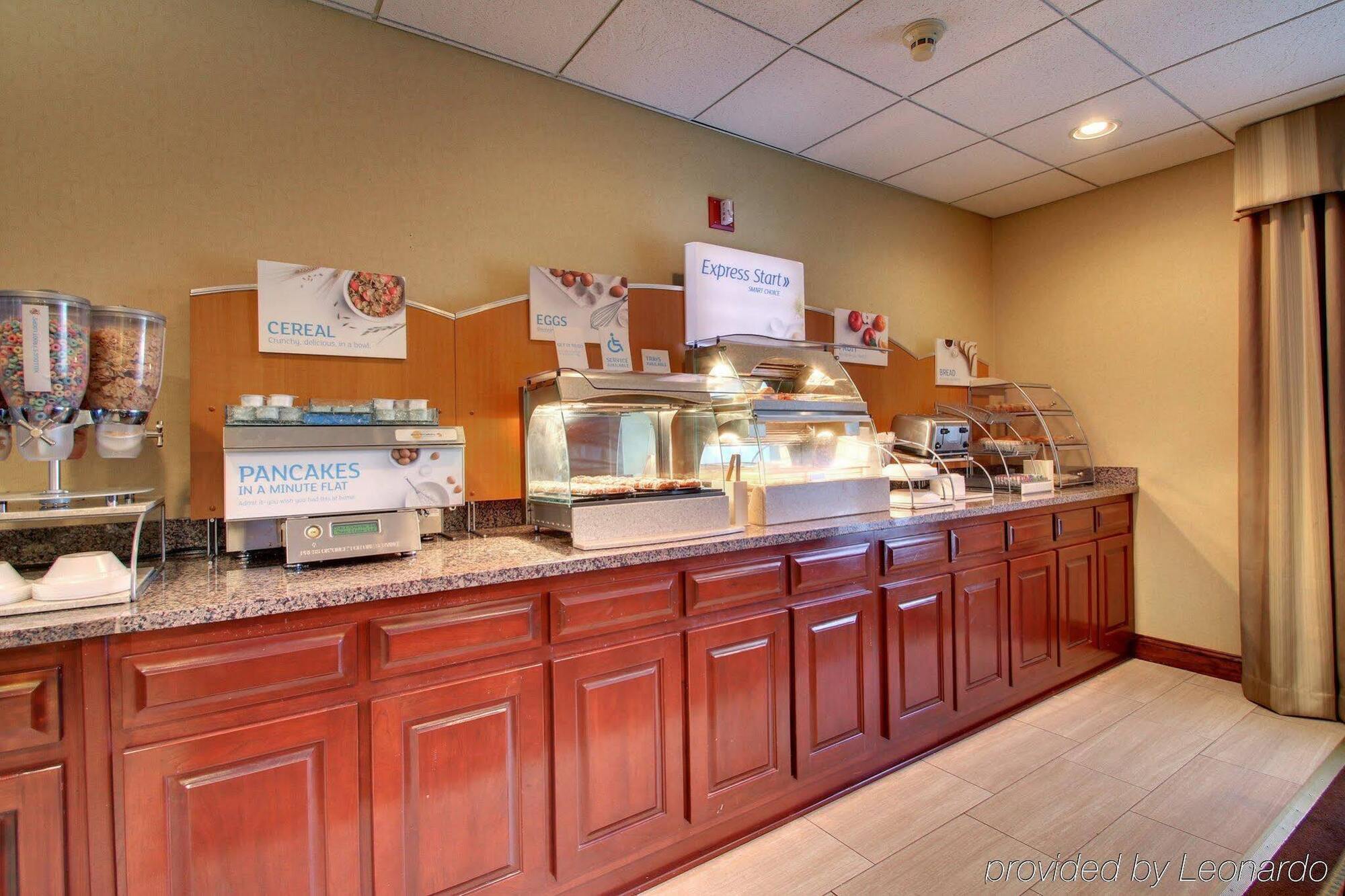 Comfort Inn & Suites Dahlonega University Area Eksteriør billede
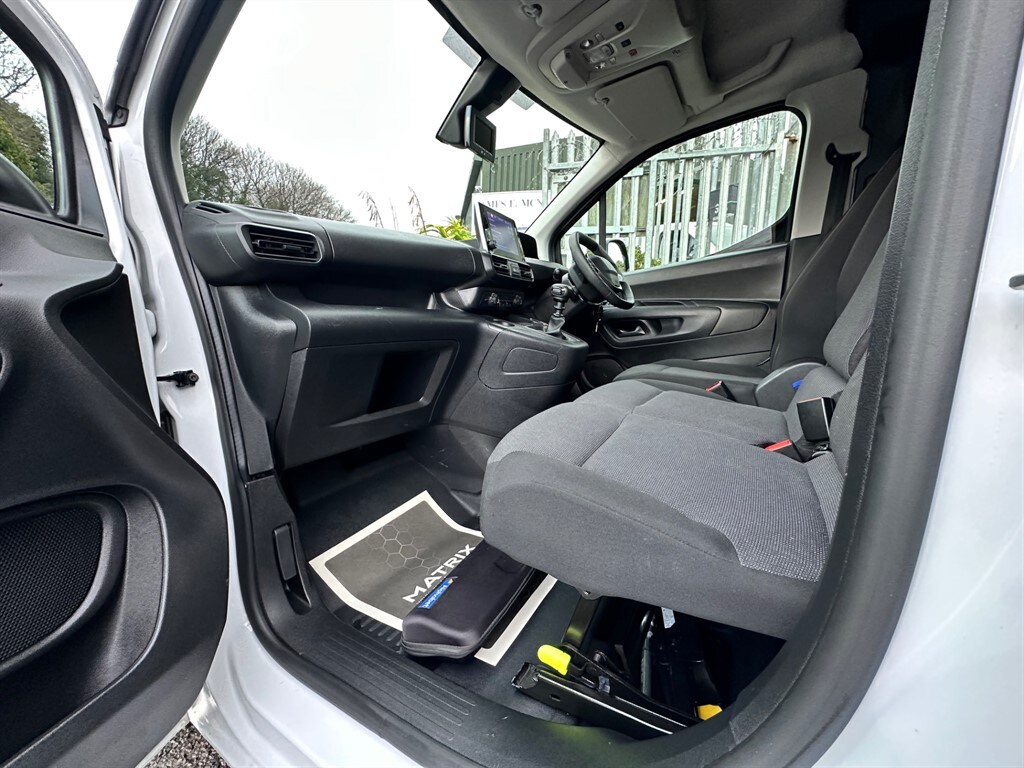 Used Peugeot Partner 2022 for sale - 77256631: Photo 42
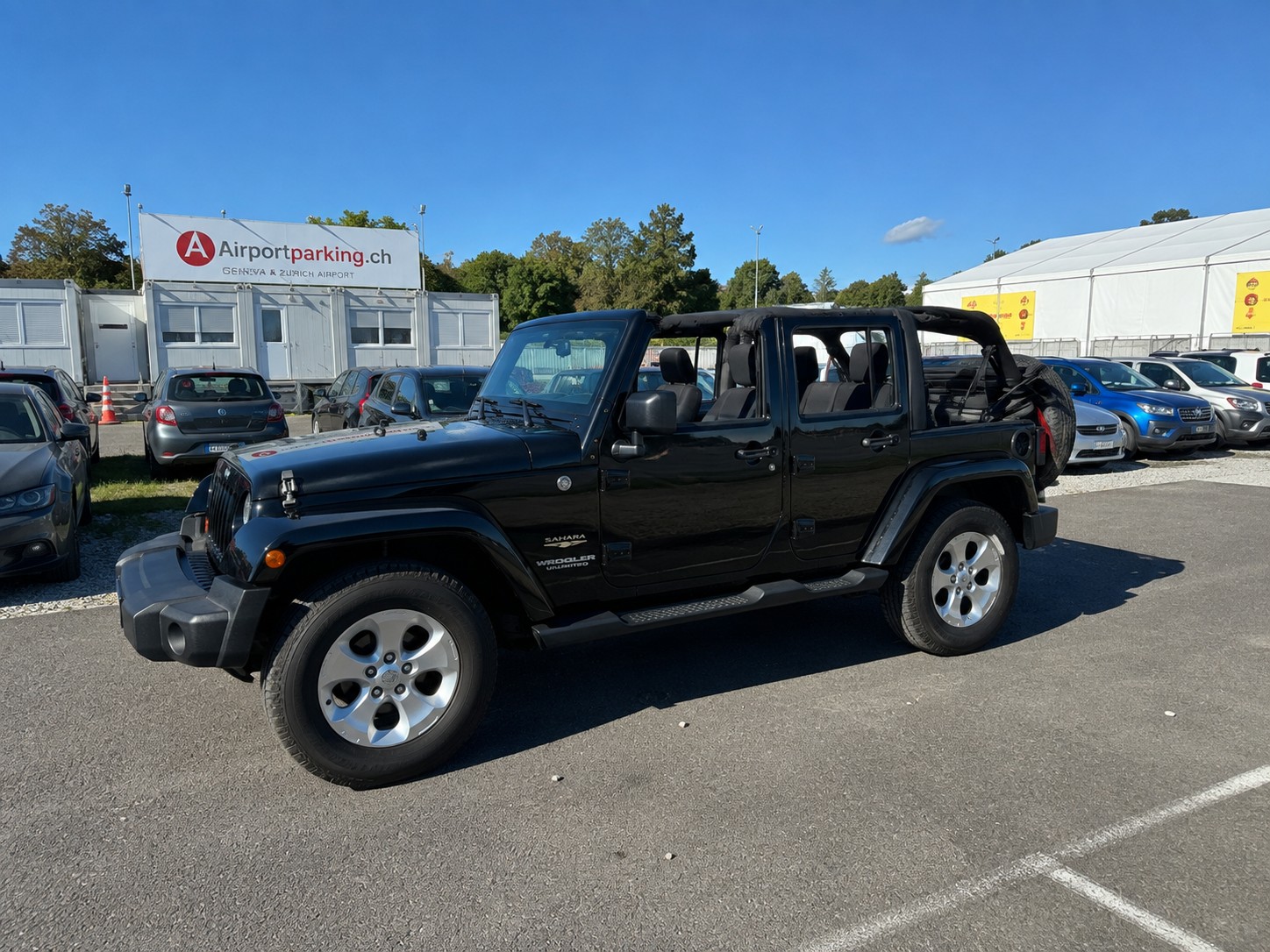 JEEP Wrangler 2.8CRD Unlimited Sahara Automatic-image-2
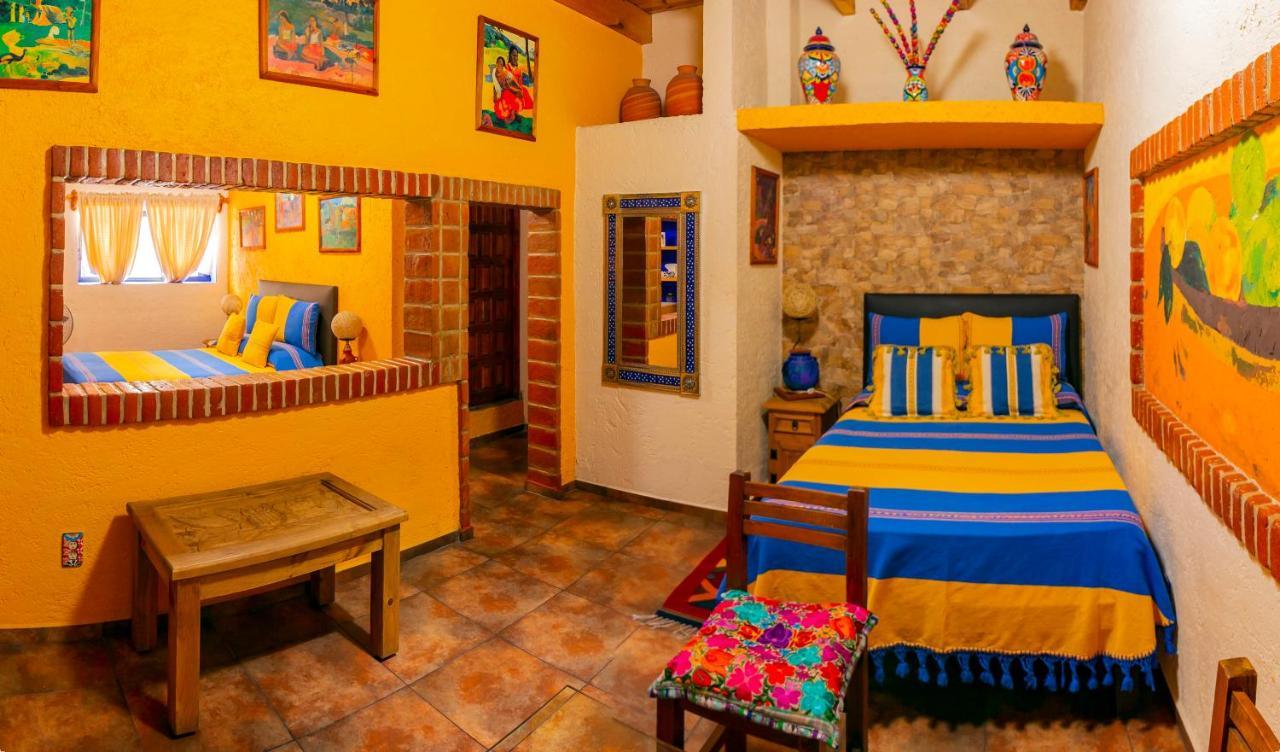 Mex Suites Casa Azul B&B Mexico City Exterior photo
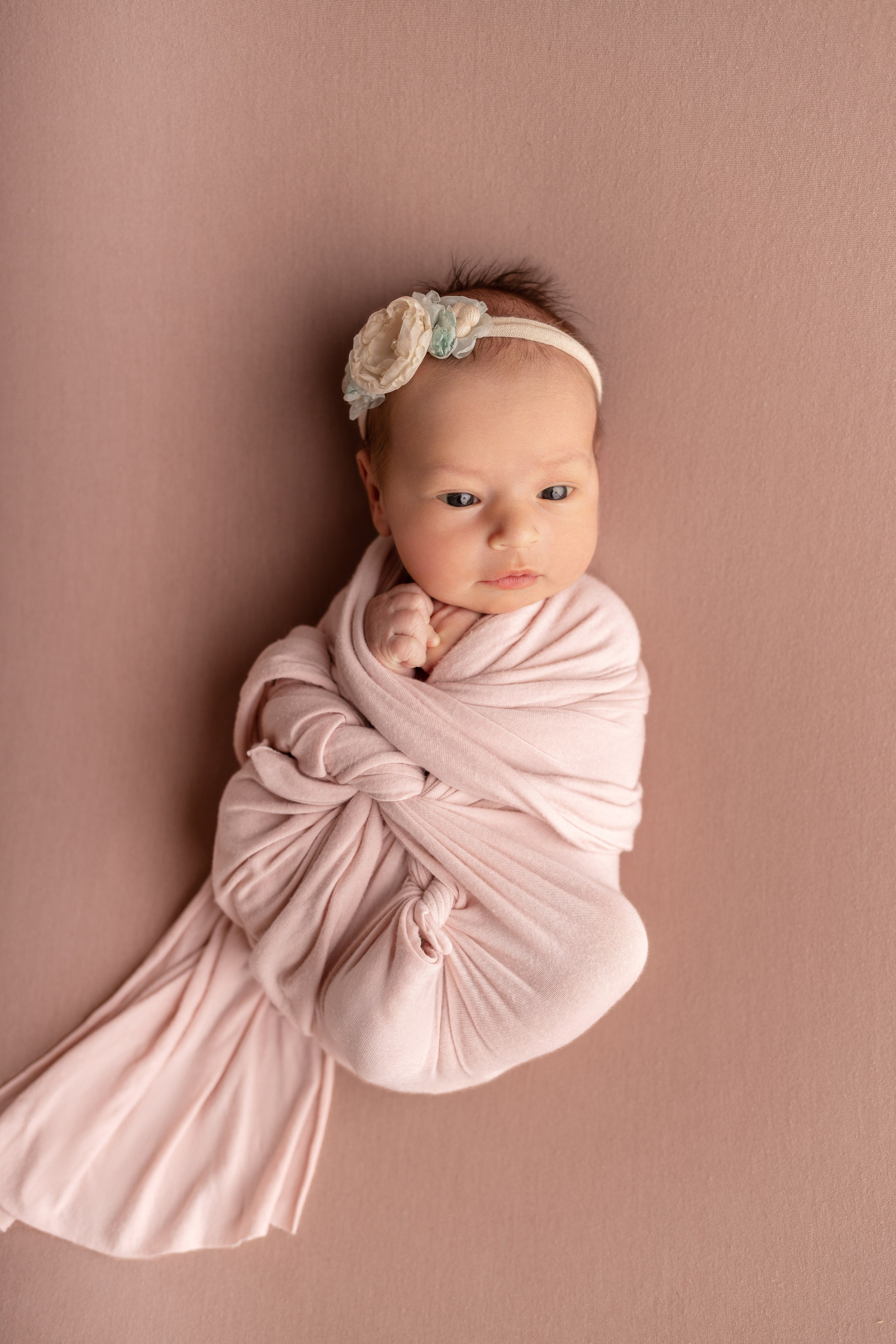 Классическая фотосессия малыша. Фотограф новорожденных малышей в Омске и Омской области Эльвира Камаева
#####
▸ **ACTIVITY**:
Only an exact copy of the lines from the one with "JEEP Wrangler 2.8CRD" through the last line of the data above is wanted, and no pictures.

▸ **RESPONSE AREA**:
 JEEP Wrangler 2.8CRD Unlimited Sahara Automatic-image-2
 Mex Suites Casa Azul B&B Mexico City Exterior photo
 Классическая фотосессия малыша. Фотограф новорожденных малышей в Омске и Омской области Эльвира Камаева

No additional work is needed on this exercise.